What the task requires
Print every entry below again exactly as written, skipping the pictures.
++++ Data records ++++
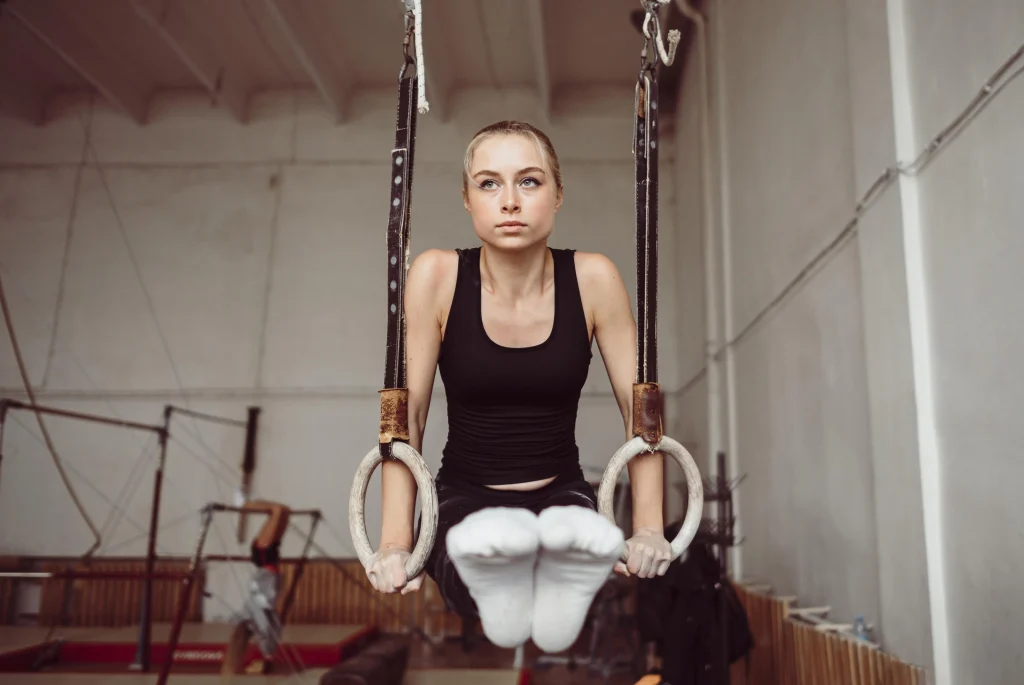 Hyrox Training an den Ringen – stabile Stützposition mit gestreckten Beinen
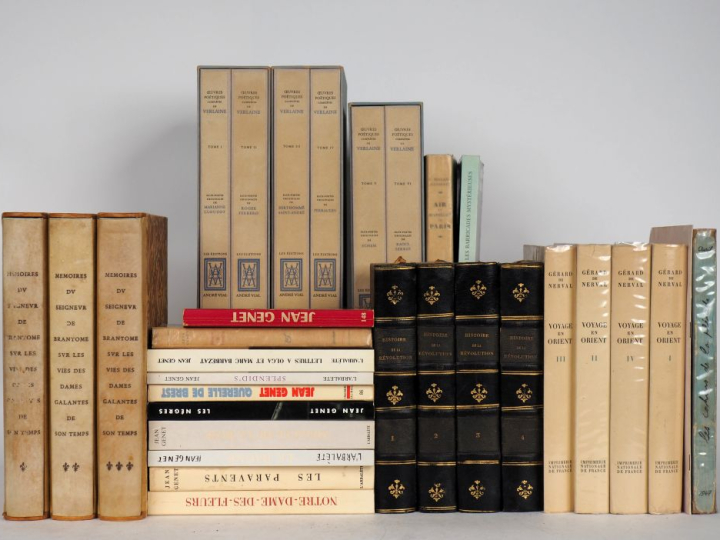 Lot de livres comprenant 30 volumes: - G. de NERVAL. Voyage en Orient.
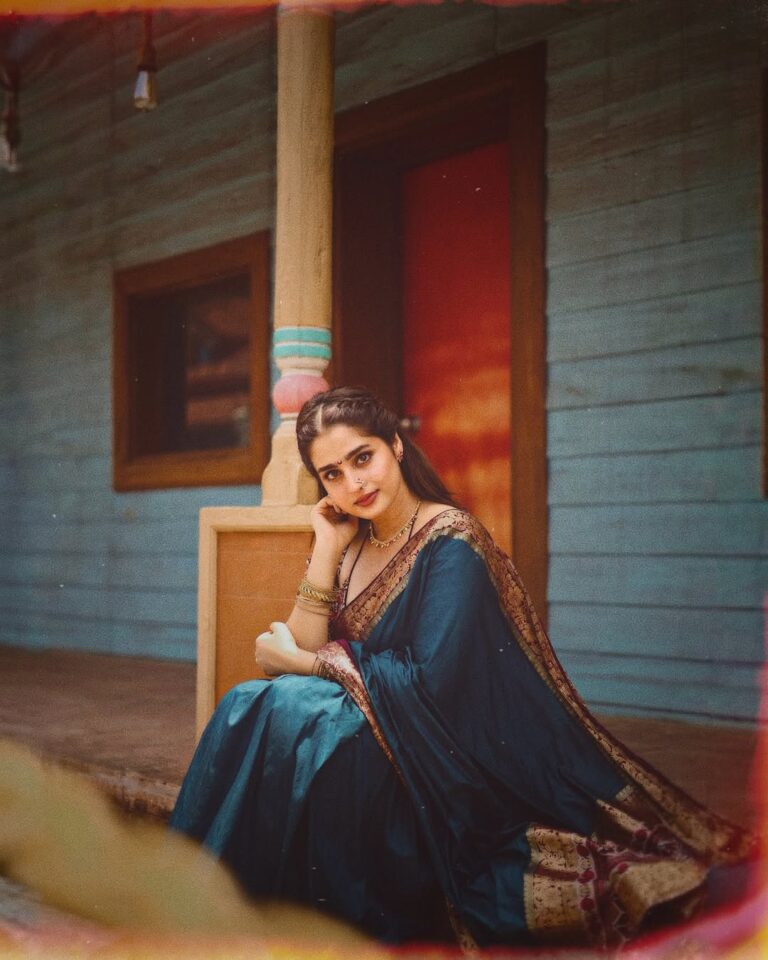 Ayesha Khan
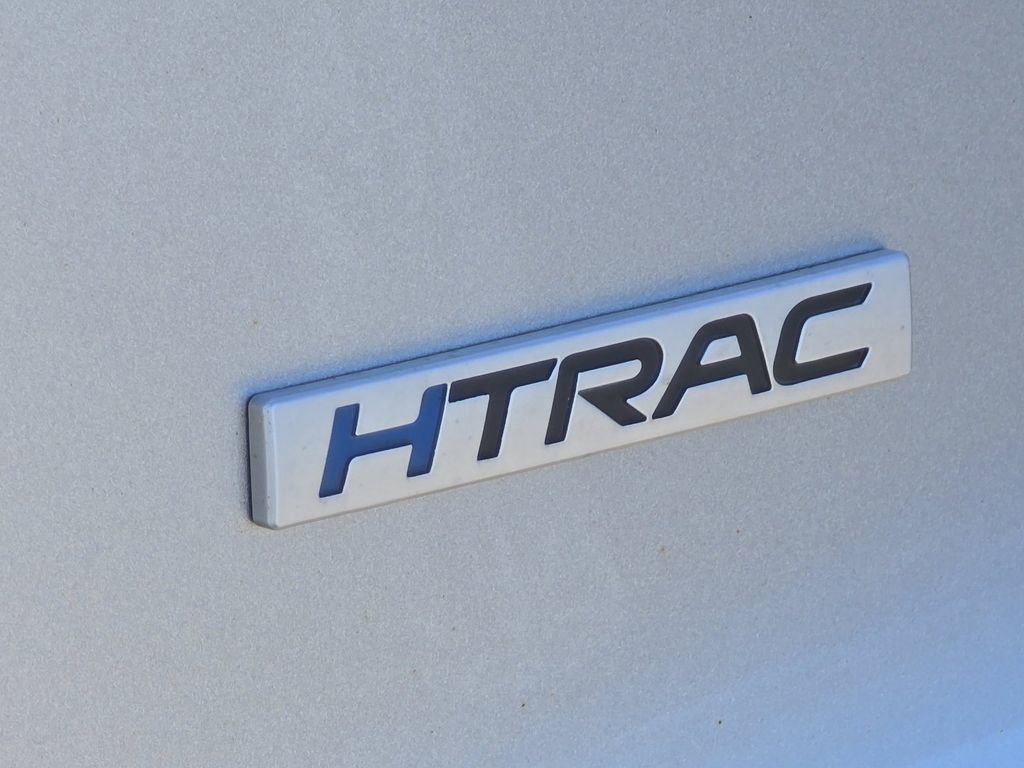 Used 2023 Hyundai Santa Fe SE w/ Cargo Package image 4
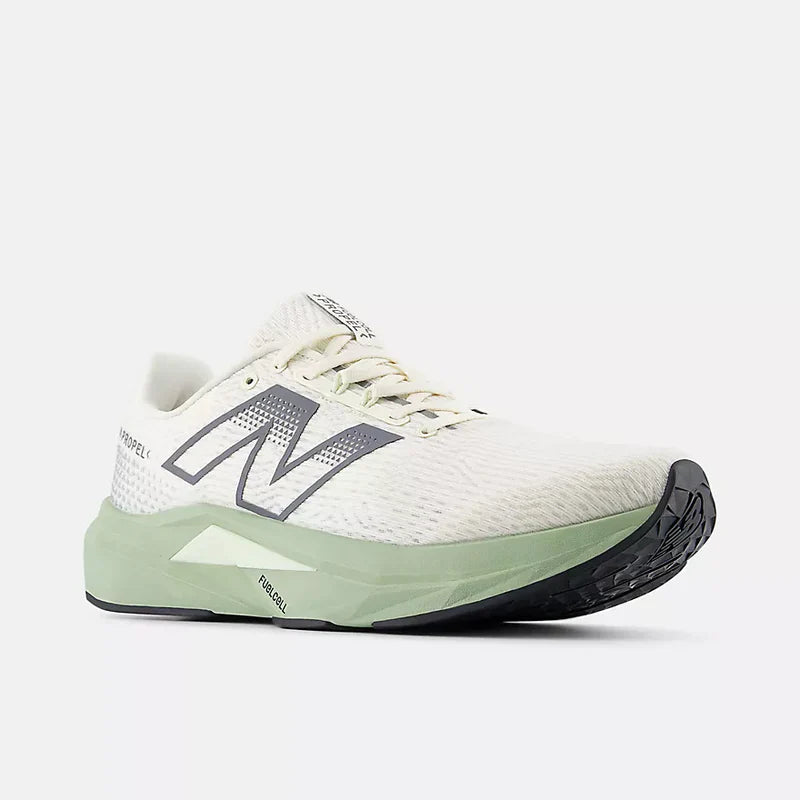 New balance FuelCell Propel v5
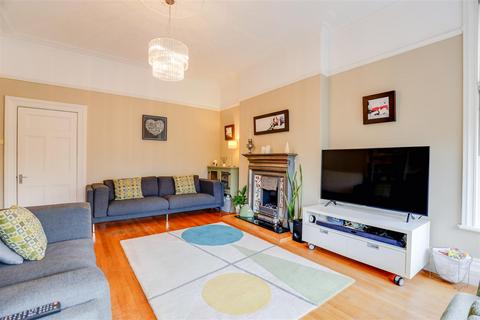 undefined, 3 Lower Cwrt-Y-Vil Road, Penarth, CF64 3HQ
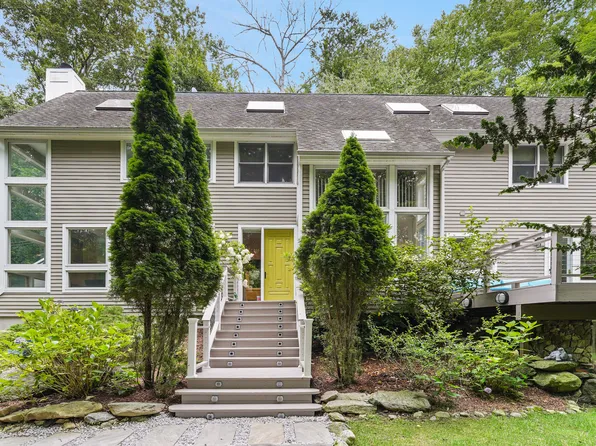 1576 Long Ridge Road, Stamford, CT 06903
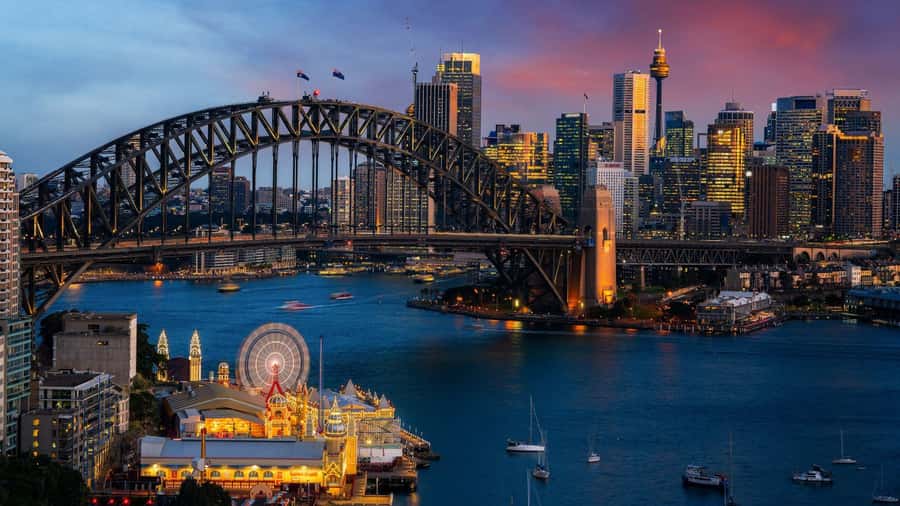 Best of Sydney: Private Walking Tour with a Local - Queen Victoria Building and Chinatown: adding shopping and street-life variety
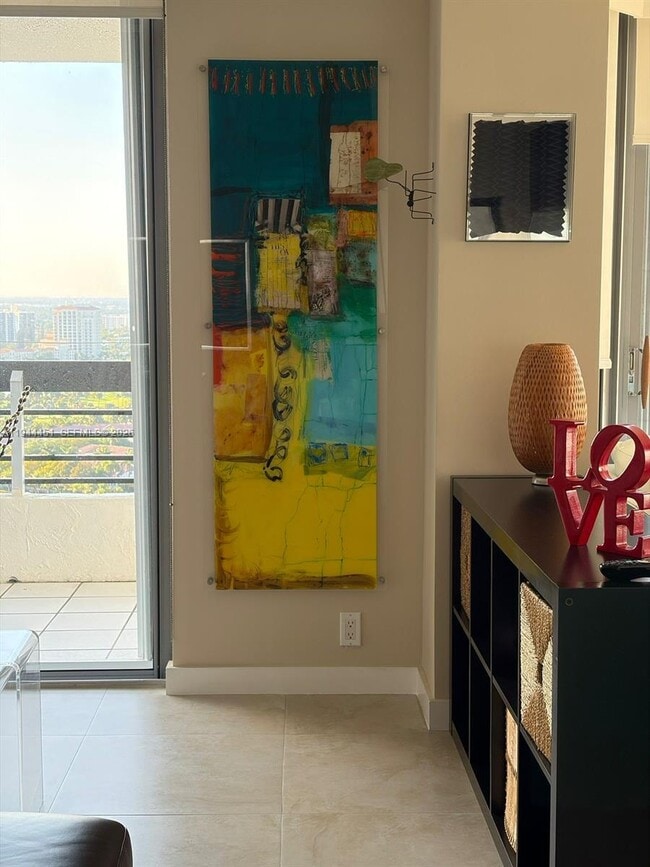 Building Photo - 19101 NE 36th Pl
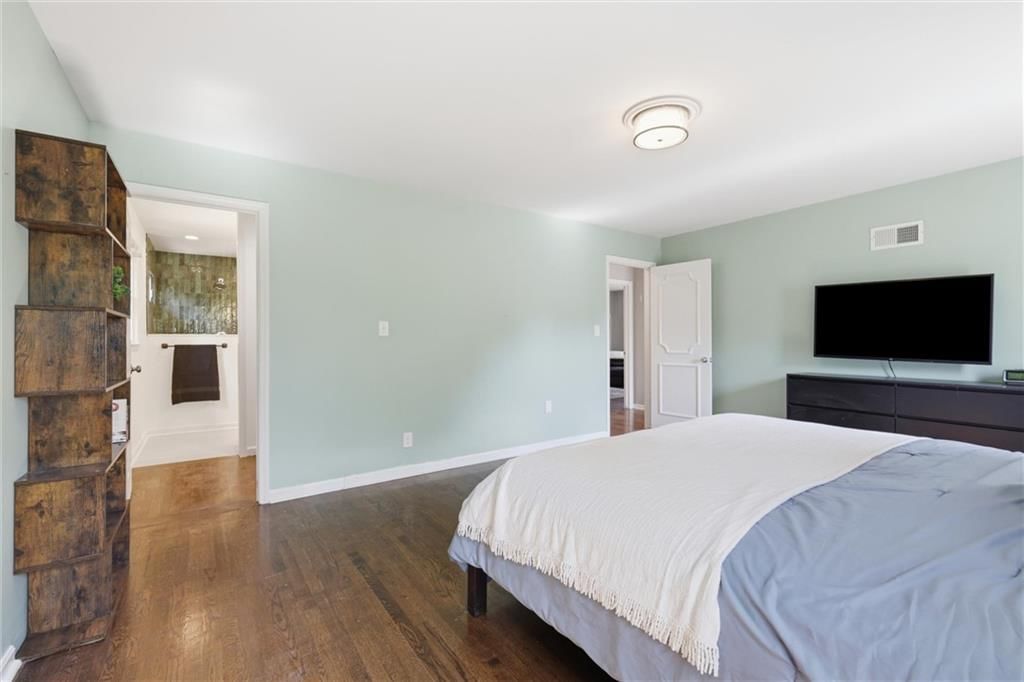 1110 W 113TH Street — photo 25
++++
Solution to this task
 Hyrox Training an den Ringen – stabile Stützposition mit gestreckten Beinen
 Lot de livres comprenant 30 volumes: - G. de NERVAL. Voyage en Orient.
 Ayesha Khan
 Used 2023 Hyundai Santa Fe SE w/ Cargo Package image 4
 New balance FuelCell Propel v5
 undefined, 3 Lower Cwrt-Y-Vil Road, Penarth, CF64 3HQ
 1576 Long Ridge Road, Stamford, CT 06903
 Best of Sydney: Private Walking Tour with a Local - Queen Victoria Building and Chinatown: adding shopping and street-life variety
 Building Photo - 19101 NE 36th Pl
 1110 W 113TH Street — photo 25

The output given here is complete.